Swann leans heavily on the drawbacks of late life in this crew, swirling their personal and group confusions into distractions and accidents that play into the nefarious goings-on around them. Isn’t Helen, the elegant receptionist at the Eden, just too welcoming to be real? What on earth is a detox group and are the members safe to be around? Who may have taken a dive off the rocky cliff? And doesn’t it make complete sense to suspect the White Widow, whose husband’s earlier death is far too mysterious?
All those factors pale, however, when Edwina discovers and adopts an enormous snake on site named Oberon and her friends need to cope with its habits. As if that weren’t enough to handle, Edwina has also adopted and hidden a young man who seems quite desperate. Desperate enough to be a killer? At least one murder has clearly taken place—and when a storm suddenly isolates the resort, the plot returns to familiar Agatha Christie terrain. Who’s an ally, who’s dangerous, and how is Edwina communicating with the snake?
Expect to be baffled during much of the book, since this trip of a lifetime is being interpreted by Agnes, who’s rarely sure of what she’s witnessing. “Undoubtedly there were lots of innocent explanations for what had just happened, but right now Agnes couldn’t think of a single one. She had a heavy, paralysing feeling in the pit of her stomach, as if she had unknowingly swallowed a stone. Tortoises sometimes swallowed stones, and it was good for their digestion, but it had a disagreeable effect on Agnes.”

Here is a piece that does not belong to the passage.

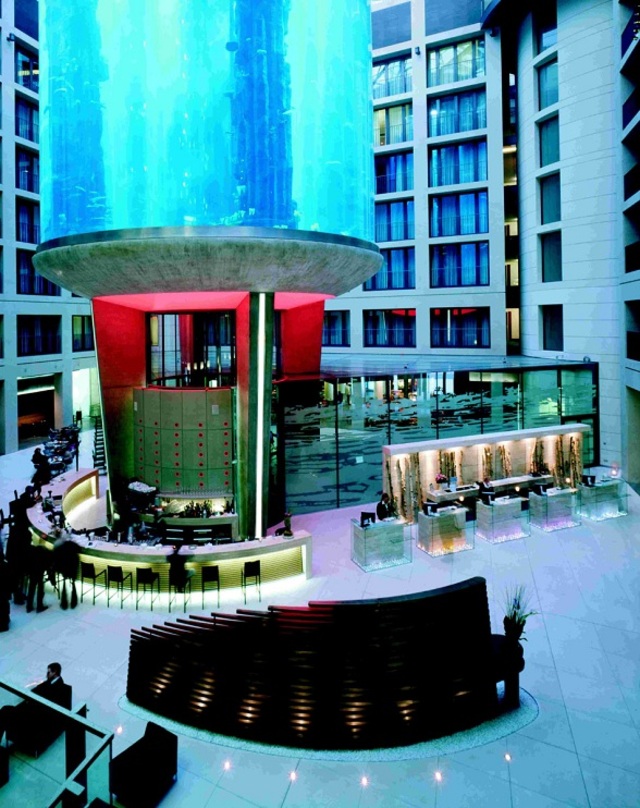 AquaDom-at-Radisson-Blu-Hotel-Germany-Worlds-Largest-Cylindrical-Aquarium-4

Best advice: Read as rapidly as you dare (without missing the clues, of course). Watch Agnes closely. As Edwina will be the first to tell you, Agnes’s only real hobby is investigating. “If she really got interested in something, it was mostly the boiler or a murder.” All will be sorted out. Maybe you should watch Bernadette, too—she’s got something in mind that she hasn’t let Agnes know about. If only elderly people didn’t keep so many old and dangerous secrets!